How John Carpenter struggled with early comparisons to Alfred Hitchcock: “Oh dear, I can’t live up to that”

Almost every filmmaker dreams of being spoken of in the same breath as Alfred Hitchcock because he’s one of the all-time greats. However, direct comparisons can be a much trickier thing to navigate, which stirred up an early existential crisis in John Carpenter.

As the architect behind many of cinema’s finest thrillers, nobody knew how to manipulate an audience quite like the ‘Master of Suspense’. In all of his best movies, he’s got the viewers wrapped around his thumb, lulling them into a false sense of security before pulling the rug from right underneath them, sometimes doing it more than once over the course of a single picture.

There’s a reason why Hitchcockian has been part of the lexicon for so long, and while there’s never been anyone to emulate a true original, Carpenter burst onto the scene and quickly found that albatross hanging around his neck. He didn’t ask for it, but once some things are spoken aloud, they can never be unsaid.

Comedic sci-fi Dark Star and action thriller Assault on Precinct 13 didn’t immediately evoke Hitchcock comparisons, but Halloween did. It was intense and atmospheric, punctuated by jarring musical cues and shocking imagery, and anchored by a female lead pitted against an opposing force she’s ill-equipped to handle. Superficial it may have been, but unnoticed it was not.
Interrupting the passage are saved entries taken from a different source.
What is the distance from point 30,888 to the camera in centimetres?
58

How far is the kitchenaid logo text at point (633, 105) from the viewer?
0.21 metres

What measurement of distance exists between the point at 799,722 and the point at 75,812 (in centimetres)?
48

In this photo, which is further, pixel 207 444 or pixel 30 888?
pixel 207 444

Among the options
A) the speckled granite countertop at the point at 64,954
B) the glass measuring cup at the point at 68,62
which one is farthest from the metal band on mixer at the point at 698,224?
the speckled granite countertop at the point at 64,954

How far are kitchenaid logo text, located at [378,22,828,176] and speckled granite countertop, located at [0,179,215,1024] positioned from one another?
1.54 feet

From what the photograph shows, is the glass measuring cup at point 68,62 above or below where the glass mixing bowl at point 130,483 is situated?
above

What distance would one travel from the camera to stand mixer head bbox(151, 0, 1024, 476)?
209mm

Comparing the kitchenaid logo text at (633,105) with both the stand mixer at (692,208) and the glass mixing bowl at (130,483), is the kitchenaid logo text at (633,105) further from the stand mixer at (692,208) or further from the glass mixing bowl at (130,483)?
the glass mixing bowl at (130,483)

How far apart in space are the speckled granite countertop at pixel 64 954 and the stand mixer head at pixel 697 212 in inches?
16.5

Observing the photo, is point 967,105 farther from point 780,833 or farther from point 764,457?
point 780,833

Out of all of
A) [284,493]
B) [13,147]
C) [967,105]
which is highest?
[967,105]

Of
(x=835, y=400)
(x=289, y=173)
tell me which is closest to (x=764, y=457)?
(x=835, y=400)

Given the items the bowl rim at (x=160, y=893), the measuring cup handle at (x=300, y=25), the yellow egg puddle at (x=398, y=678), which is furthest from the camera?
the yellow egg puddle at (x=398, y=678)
Matters weren’t helped by Hitchcock’s direct influence on Carpenter when he was crafting Halloween, never mind Psycho star Janet Leigh’s daughter Jamie Lee Curtis taking centre stage. He didn’t bring it upon himself, but it nonetheless created mixed emotions for the filmmaker when he was still in the formative stages of his career.

“Well, it was nice,” he admitted to Roel Haanen.”But then they started awaiting the new Hitchcock movie, and that’s not what I wanted to do. I was not Hitchcock. I was a student of his work in cinema, but I was already a very different director. So it was a mixed bag. Of course, it’s wonderful to be compared to a director, but it also comes with a little bit of expectation. And you think, ‘Oh dear, I can’t live up to that.'”

It quickly became clear through Halloween follow-ups The Fog, Escape from New York, and The Thing that Carpenter had no intention of trying to be Hitchcock. Instead, he was carving out a reputation for himself as one of genre cinema’s most reliably accomplished purveyors. Horror, fantasy, and sci-fi were his preferred avenues, with straightforward thrillers in a vein similar to the ‘Master of Suspense’ not even entering his mind.

Sometimes, the best way to avoid being compared to one thing is to do the exact opposite, an approach that served Carpenter very well as he became one of genre cinema’s most popular auteurs.